“I lost my beautiful son Matthew to drug addiction on March 24, 2016. I found him unresponsive in bed. He died of an opiate overdose.”
I am 52 years old. I am married to my high school sweet heart for 35 years. We have three sons: Daniel (he is the oldest), Matthew (he was our middle son), and Jonathan (he is our youngest). We have four grandchildren and one on the way. We are a close family we all get along well. We raised our sons to be respectful, hard working adults that fear God and contribute to mankind. They made a few mistakes like anyone else. Never in a million years did any of us ever think that one of us would become addicted and lose his life to drugs.
Matthew was a bright child, got into the average mischief, graduated high school and a vocational school for masonry, had a great career, and a beautiful eight-year-old daughter. He had his ups and downs like we all do, but he was emotionally sound. He loved life, he loved to be with family and friends. His smile lit up the room! He loved to fish, hunt and ride his Harley. We went on family vacations together. Matthew was 31 when he got addicted to prescription medication and it took his life when he was 32.

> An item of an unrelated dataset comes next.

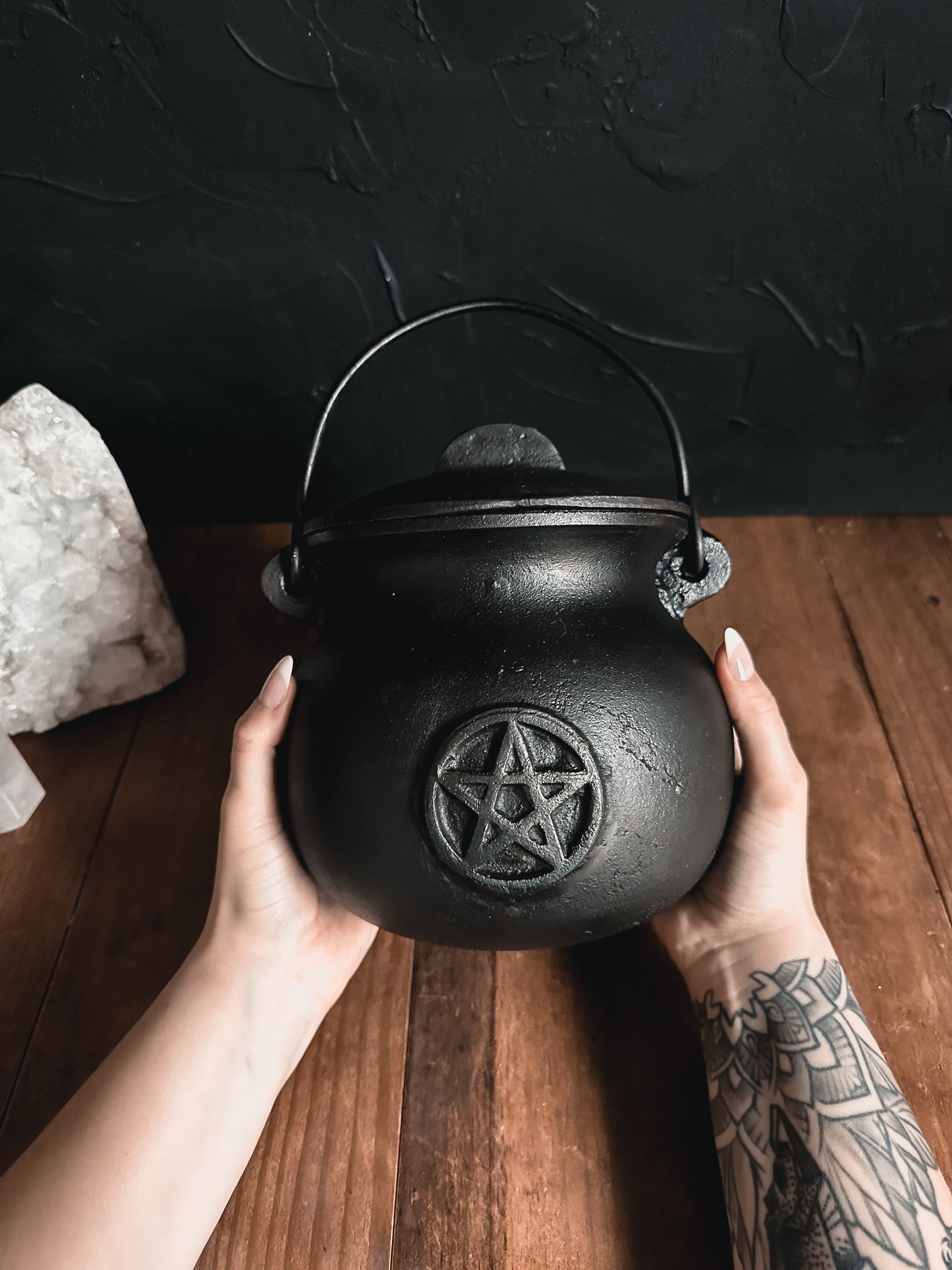 Large Black Cast Iron Cauldron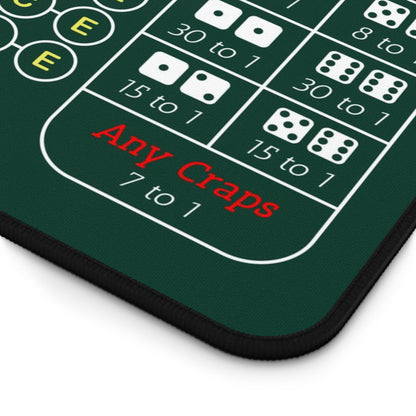 Craps Table Layout Desk Mat — 2-in-1 Casino Gaming Green Play Surface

I saw a PAStop billboard. You know, the one that has a picture of a prescription bottle on it. That caught my attention as did the words “Break the Connection.“
You see, there is a big connection that I believe we need to pay closer attention to. I am convinced that clinicians need to be educated extensively, since they are the ones with the power to write the prescriptions. I believe that there needs to be better and improved safety precautions in place that will help to prevent people from becoming addicted in the first place.
Is there anything you wish you had known before he started using painkillers that were prescribed to him?
I wish that I would have known how to prevent the doctor from writing the prescription in the first place. I wish I would have known how to fight for stricter enforcement of guidelines for writing prescriptions for medications. I wish I would have known how to intervene in the process of addiction and stop it.
How big of a problem do you think opiate abuse is in your community?
Opiate abuse in my community is high. Our community has made national news because of the abuse and the overdoses.
How has this experience affected your family?
We will never, ever be the same! Words cannot express our sorrow. We all miss Matthew so much. Our hearts break for his daughter. Matthew and his brothers were close in age and they were not only brothers, they were friends. It is so hard to see the pain they are going through.
We have also learned a lot about people’s ignorance and the stigma that goes with drug abuse and losing a child to drug abuse. But I don’t blame people; I used to think a certain way about it, too. People just need to be educated. And that’s what I hope to do.